For example, some of or all of pixel electrodes are formed to
contain aluminum, silver, or the like. In such a case, a memory
circuit such as an SRAM can be provided under the reflective
electrodes. Thus, power consumption can be further reduced.
[0322] A coloring layer (also referred to as a color filter) may be
used in order to obtain a full-color display device in which white
light (W) for a backlight (e.g., an organic EL element, an
inorganic EL element, an LED, or a fluorescent lamp) is used. As
the coloring layer, red (R), green (G), blue (B), yellow (Y), or
the like may be combined as appropriate, for example. With the use
of the coloring layer, higher color reproducibility can be obtained
than in the case without the coloring layer. In this case, by
providing a region with the coloring layer and a region without the
coloring layer, white light in the region without the coloring
layer may be directly utilized for display. By partly providing the
region without the coloring layer, a decrease in luminance due to
the coloring layer can be suppressed, and 20% to 30% of power
consumption can be reduced in some cases when an image is displayed
brightly. Note that in the case where full-color display is
performed using a self-luminous element such as an organic EL
element or an inorganic EL element, elements may emit light of
their respective colors R, G, B, Y, and W. By using a self-luminous
element, power consumption can be further reduced in some cases as
compared to the case of using the coloring layer.
<Module>
[0323] A display module using a semiconductor device of one
embodiment of the present invention is described below with
reference to FIG. 24.
[0324] In a display module 8000 in FIG. 24, a touch panel 8004
connected to an FPC 8003, a cell 8006 connected to an FPC 8005, a
backlight unit 8007, a frame 8009, a printed board 8010, and a
battery 8011 are provided between an upper cover 8001 and a lower
cover 8002. Note that the backlight unit 8007, the battery 8011,
the touch panel 8004, and the like are not provided in some
cases.
[0325] The semiconductor device of one embodiment of the present
invention can be used for the cell 8006, for example.

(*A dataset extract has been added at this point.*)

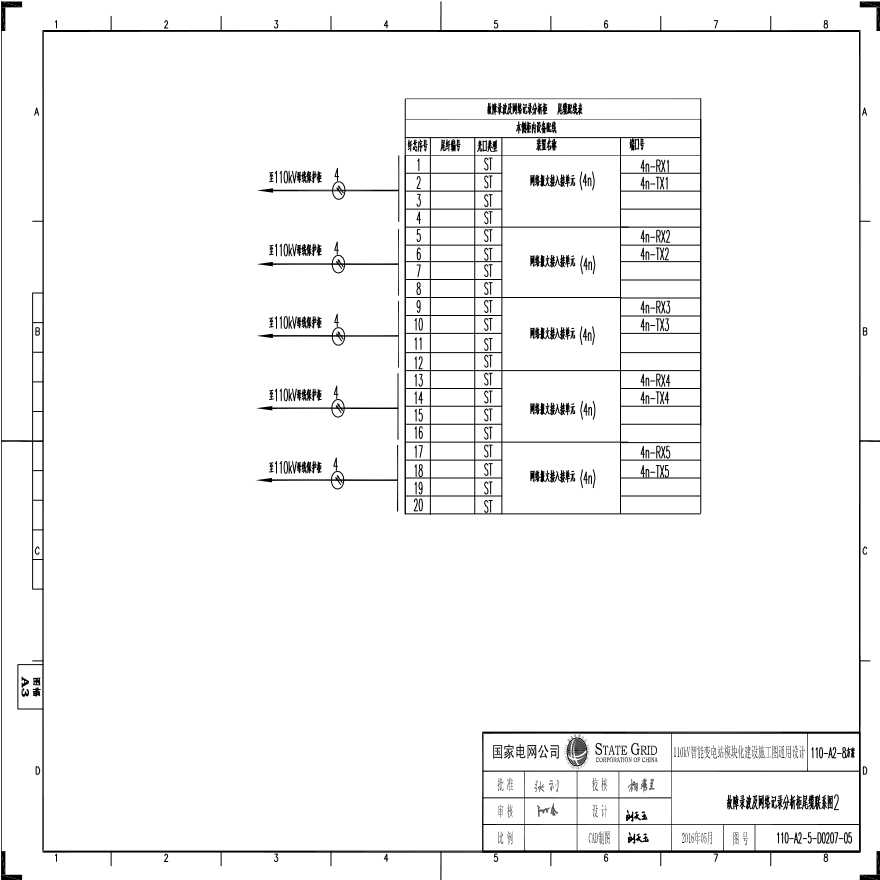 110-A2-8-D0207-05 故障录波及网络记录分析柜尾缆联系图2.pdf-图一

[0326] The shapes and sizes of the upper cover 8001 and the lower
cover 8002 can be changed as appropriate in accordance with the
sizes of the touch panel 8004 and the cell 8006.
[0327] The touch panel 8004 can be a resistive touch panel or a
capacitive touch panel and may be formed to overlap with the cell
8006. A counter substrate (sealing substrate) of the cell 8006 can
have a touch panel function. A photosensor may be provided in each
pixel of the cell 8006 so that an optical touch panel is obtained.
An electrode for a touch sensor may be provided in each pixel of
the cell 8006 so that a capacitive touch panel is obtained.
[0328] The backlight unit 8007 includes a light source 8008. The
light source 8008 may be provided at an end portion of the
backlight unit 8007 and a light diffusing plate may be used.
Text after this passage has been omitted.